La maîtrise par l'homme de son temps, donc de sa vie elle-même, n'est réelle que si son temps libre est du temps gratuit. Le développement et l'accumulation capitalistes n'ont été possibles que par le découpage du temps de vie en tranches, dont une était transformée en quasi-marchandise – le temps de travail – pour produire de véritables marchandises, une autre était transformée en consommation de marchandises, la tranche libre réduite à la portion congrue. L'aliénation du temps de vie, qui est à la base de tout rapport social d'exploitation et de domination, empêche la libre disposition de l'existence que chaque être humain reçoit gratuitement. L'obligation d'aliéner son temps, équivaut à un interdit, dans les têtes et les conscience, de sa libre jouissance. Temps libre et temps gratuit: là se trouve l'enjeu de la réduction du temps de travail car le capitalisme ne peut se permettre de ne plus contrôler une part du temps de vie qui ne serait consacrée ni à travailler, ni à consommer, ni à se reposer du travail, ni à se reposer du travail en consommant. Telle est la raison de l'hostilité farouche de la bourgeoisie devant toute réduction du temps de travail par les salariés: où irions-nous si nous nous mettions à penser ? Or, calculer et fabriquer prennent de moins en moins de temps et penser en prend toujours autant. Mais, réjouissons-nous: penser est gratuit.

 


 

 

Ou, encore, au travers de la dernière livraison de la Revue des Livres (RdL N°3, 2012), le post-totalitarisme peut-il se lire dans les premières expériences initiées par les survivants de ce monde ultra-libéral et pléonexique qui s'effondre ?

 

 

 

La peau, les murs de la maison, et les frontières de tous ces états qui ne sont que concepts, illusoires frontières par delà lesquelles s'abîme autant d'intérieur que d'extérieur; peut-on être malade de son environnement, alors que nous sommes partie prenante de toute pathocénose ? Notre force géologique nous est intrinsèque, et seuls les sociologues réfutent Gaïa.

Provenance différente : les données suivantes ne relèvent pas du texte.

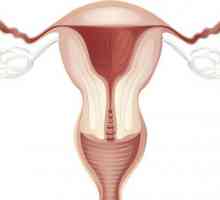 Endometrija debljina na dan ciklusa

Millénarisme: un monde s'est écroulé, quel taille prendre pour survivre, quel espace de souveraineté maintenant pour le peuple, la nation disparue ? Malthusianisme de la coopérative régionale ? Littérature en seul espace des langues dans une gouvernance domestique mondiale ? Scepticisme hédonique russellien, à chacun son plaisir propre en libre définition ? Les signes de la catastrophe sont là, le renouveau aussi, les justes et les zombies se retirent de la grande Babylone qui s'effondre, et l'humanité ne s'expérimente plus maintenant uniquement par la douleur, cette exposition à la communauté, qui, débordant l'éthique de conviction weberienne, imposa autrefois l'éthique de responsabilité.